In einer ersten Weiterentwicklung des Wohnbauflächenatlanten sollen daher nun zwei weitere Flächenkategorien auf bestehende Nachverdichtungspotenziale untersucht werden, die bis dato nicht systematisch betrachtet werden konnten. In den
- vorwiegend aus der Gründerzeit stammenden Blockinnenbereichen des Kernstadtbereichs
und den
- vielfach durch aufgelockerte Zeilenbebauung geprägten Siedlungen der 50er und 60er Jahre
wird ein nennenswertes Potenzial an bisher nicht- bzw. untergenutzten Flächen vermutet, die für Nachverdichtungstätigkeiten geeignet sein können.
Aufgrund der prägenden Umgebungsbebauung werden in beiden Gebietskategorien in erster Linie Nachverdichtungspotenziale für den Geschosswohnungsbau gesehen.
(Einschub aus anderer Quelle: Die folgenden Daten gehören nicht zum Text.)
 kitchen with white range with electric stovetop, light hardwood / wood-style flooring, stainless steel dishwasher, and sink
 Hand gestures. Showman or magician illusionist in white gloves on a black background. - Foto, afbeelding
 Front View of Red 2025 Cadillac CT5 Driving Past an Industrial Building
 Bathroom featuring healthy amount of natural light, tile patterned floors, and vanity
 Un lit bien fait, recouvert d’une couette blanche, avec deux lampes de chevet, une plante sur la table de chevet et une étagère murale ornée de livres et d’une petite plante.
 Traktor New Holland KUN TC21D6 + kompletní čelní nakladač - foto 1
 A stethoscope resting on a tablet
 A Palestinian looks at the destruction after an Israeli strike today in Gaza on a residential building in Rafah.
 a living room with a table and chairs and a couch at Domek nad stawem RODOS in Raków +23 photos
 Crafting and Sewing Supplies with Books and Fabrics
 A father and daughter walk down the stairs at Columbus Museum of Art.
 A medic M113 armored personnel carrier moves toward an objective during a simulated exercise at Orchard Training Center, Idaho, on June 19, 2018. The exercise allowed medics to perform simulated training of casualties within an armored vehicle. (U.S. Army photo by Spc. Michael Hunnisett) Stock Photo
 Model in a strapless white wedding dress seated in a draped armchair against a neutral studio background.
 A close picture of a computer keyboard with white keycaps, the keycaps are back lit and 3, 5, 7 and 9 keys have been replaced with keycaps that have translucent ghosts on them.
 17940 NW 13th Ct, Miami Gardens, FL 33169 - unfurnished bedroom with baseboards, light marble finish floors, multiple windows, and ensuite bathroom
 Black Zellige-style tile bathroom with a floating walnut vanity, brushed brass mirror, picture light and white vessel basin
Als wachsende Stadt mit begrenzten Flächenkapazitäten setzt die LH Kiel einen Schwerpunkt auf den Geschosswohnungsbau. Hiermit folgt sie auch den Empfehlungen des Landes, das in der „Wohnungsmarktprognose Schleswig-Holstein 2030“ für die Landeshauptstadt Kiel einen Bedarf von 80 % der zusätzlichen Wohneinheiten im Geschosswohnungsbau annimmt. Verstärkend tritt hinzu, dass gemäß Erfahrungen der Verwaltung Hinzuziehende überwiegend urbane Lage als Wohnstandort präferieren. Über die fiskalische wie auch die volkswirtschaftliche Sinnhaftigkeit von Innenentwicklungen wird auf die Drs.-Nr. 1079/2010 verwiesen. In den Siedlungen der 50/60er Jahre ist darüber hinaus von einer geringen Anzahl unterschiedlicher Einzeleigentümer auszugehen, was eine bauliche Aktivierung deutlich erleichtern würde.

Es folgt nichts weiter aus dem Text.